▸ **Aim of the task**: Upon reaching the line that contains "Pantalones de trabajo" in the records below, begin repeating every line exactly through the last one, skipping pictures.

▸ **Data for this task**:

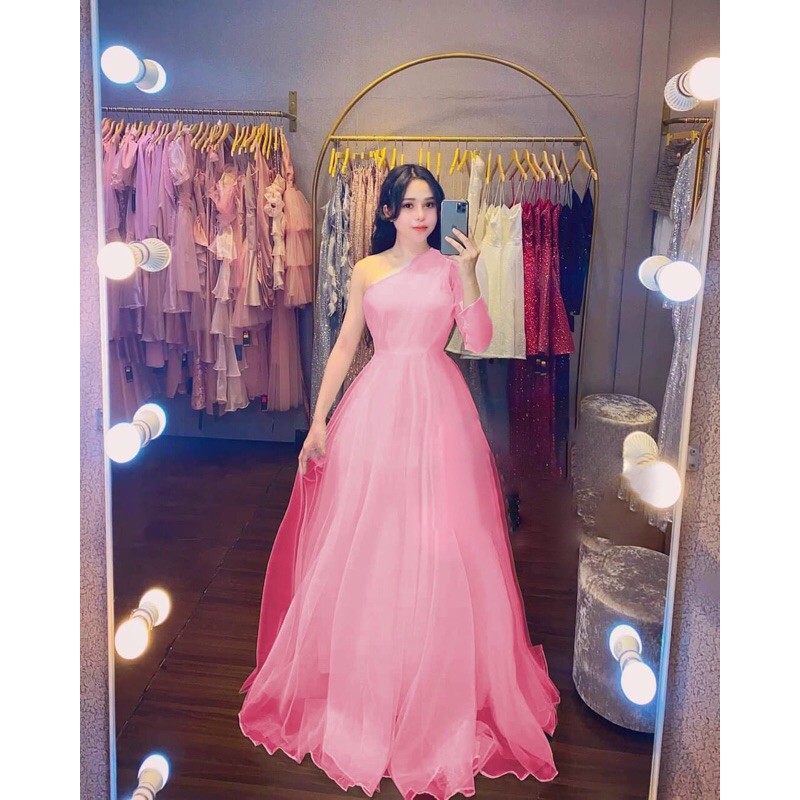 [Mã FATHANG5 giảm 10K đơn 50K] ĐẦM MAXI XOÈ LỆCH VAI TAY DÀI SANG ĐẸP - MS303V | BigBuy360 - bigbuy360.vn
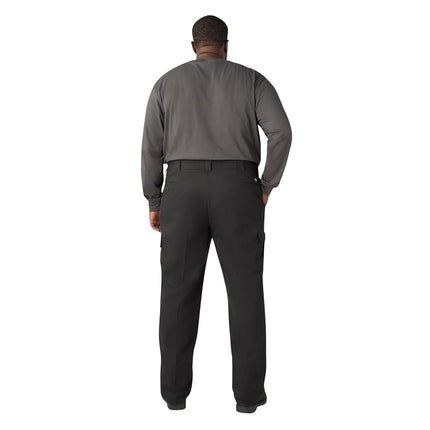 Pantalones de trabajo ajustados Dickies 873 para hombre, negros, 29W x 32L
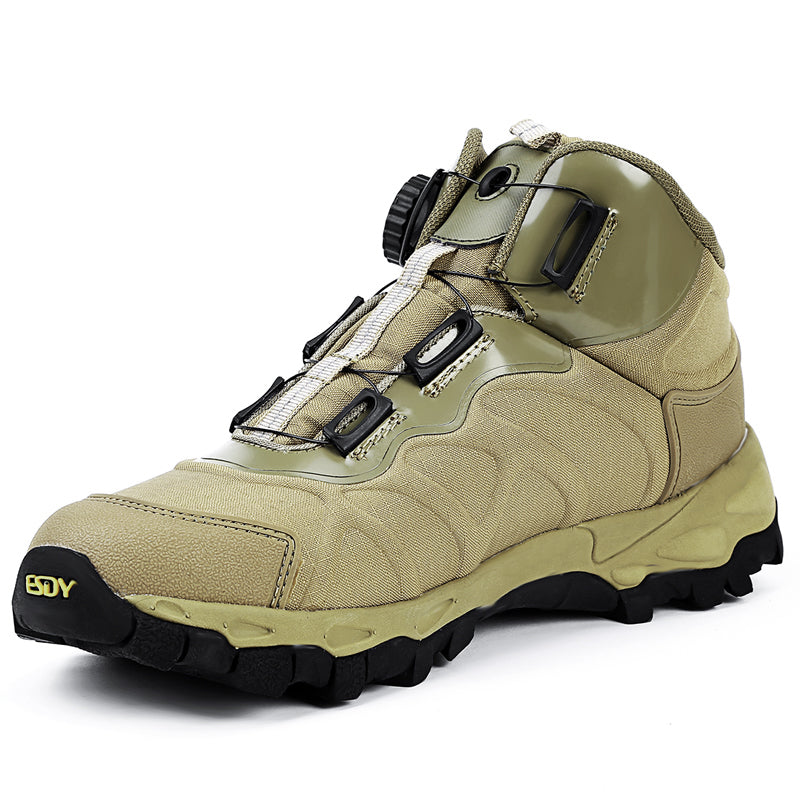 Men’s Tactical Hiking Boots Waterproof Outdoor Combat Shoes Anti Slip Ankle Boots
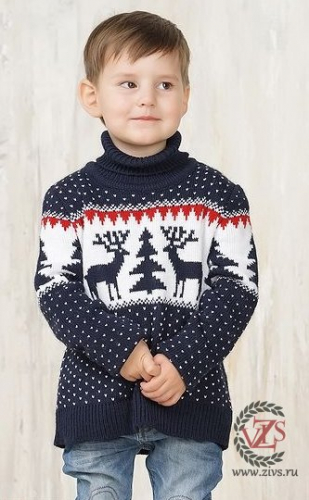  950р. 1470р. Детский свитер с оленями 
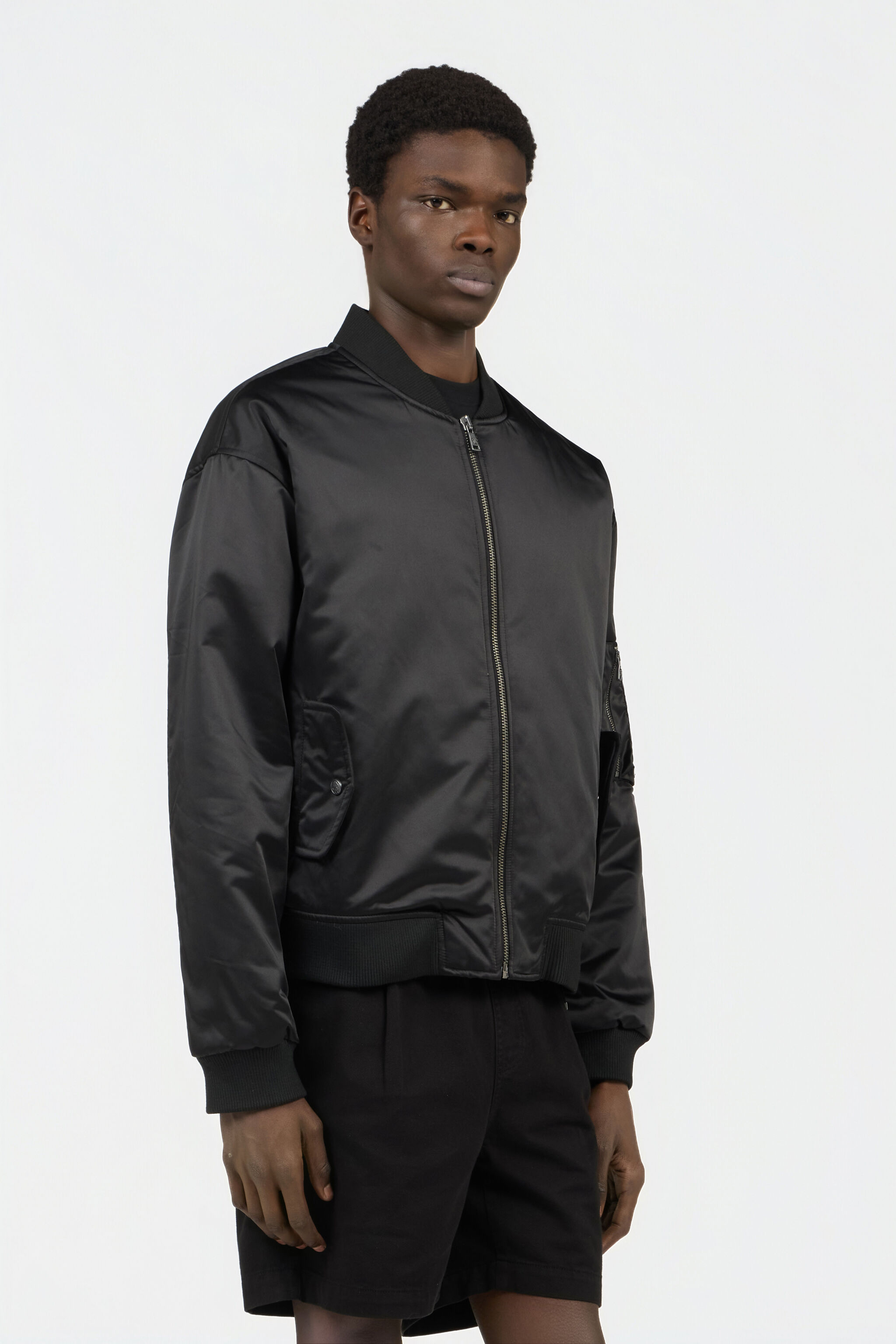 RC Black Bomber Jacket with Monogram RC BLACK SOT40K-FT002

▸ **Result**:
 Pantalones de trabajo ajustados Dickies 873 para hombre, negros, 29W x 32L
 Men’s Tactical Hiking Boots Waterproof Outdoor Combat Shoes Anti Slip Ankle Boots
  950р. 1470р. Детский свитер с оленями 
 RC Black Bomber Jacket with Monogram RC BLACK SOT40K-FT002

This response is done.